San Francisco is known as much for its neighborhoods and characters as it is for its sights, so I decided to feature one of them: Chinatown. It's supposed to be the oldest one in the Western Hemisphere, having been founded around 1848 for immigrants working on the gold rush and the transcontinental railroads. Due to the determination of its residents, it survived the destruction of the 1906 earthquake and plans to expand the Financial District into the area. Now it stands in the heart of a bustling, gritty urban center. More than just a collection of Chinese restaurants, Chinatown supports Asian-American art, culture, and activism.

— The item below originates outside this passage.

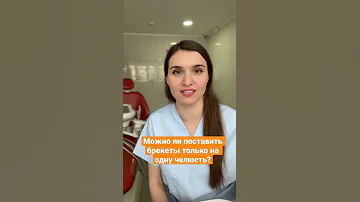 Можно ли поставить брекеты на одну челюсти?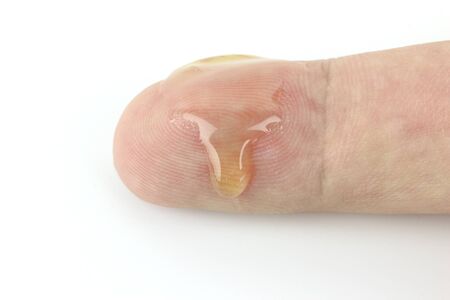 Honey on finger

paper lanterns chinatown san francisco free photo
Red lanterns in San Francisco's Chinatown, dwsmiley (pixabay.com)
Today's poem was written by San Francisco native, poet, playwright, and performer Genevieve "Genny" Lim (1946- ). It is the title selection from her book, Winter Place (1989). Whereas her more recent pieces have tackled more expansive or universal themes, her older work like "Winter Place looks at the world from my alley window." She is particularly known for Paper Angels, a play about Chinese immigrants incarcerated at Angel Island. Borrowed from Jaime Wright's website.

Winter Place


I live in this foghorn moon of a fishhole alley
Every night there's a derelict dog, mangy with a cataract stare
Lickin' the wounds of old North Beach
Leftovers, fish'n chips, upchucked cheesesteak, antipasti
Blasted against the antiseptic glare of trendy resaurants,
glossy Gelatos
Where MTV couples glide frozenly by
Catching in the corners of their ray-banned eyes
Their store-bought reflections 

It ain't so bad
Sundry hookers straining their fleshbait
out of windows, doorways
Orifices of the Europa glistening like fish
It ain't so bad
The winos and the refugees, bag can ladies and panhandlers
Eye-talians, Chinamen, tourists, punks, junkies
Boat people and runaways
Converging on this teeming waterhole
where the corporate buffalo roamed 

The city reeks of crab shells, fishheads, cabbages
Soiled pampers, cappuchino and Kotex
in shocking orange-and-pink
Day-glo shopping bags ripped and spewing out the
Guts of Chinatown 

They all come
The natives like homing pigeons
Midwesterners like homesteaders
Southerners like shipwrecked sailors
Eastcoasters like fugitives
Through the fog-laden cable cars plummeting
over Russian Hill backyards and
narrow chopstick alleyways
where camera-toting tourists
eat cheap chop-suey and
snap moon-faced babies wide-eyed on their mothers' backs
out of curiosity 

It ain't so bad
the Indians once said
They traded their land for horses 

It ain't so bad
the Coolies reasoned
as they jumped ship only to
Sweat in baskets
with pickaxes and dynamite
Twenty-thousand feet in the Sierras
like wet human laundry

copyright 2001, Genny Lim


p.s.--You should absolutely click here to watch Genny Lim perform a version of this poem.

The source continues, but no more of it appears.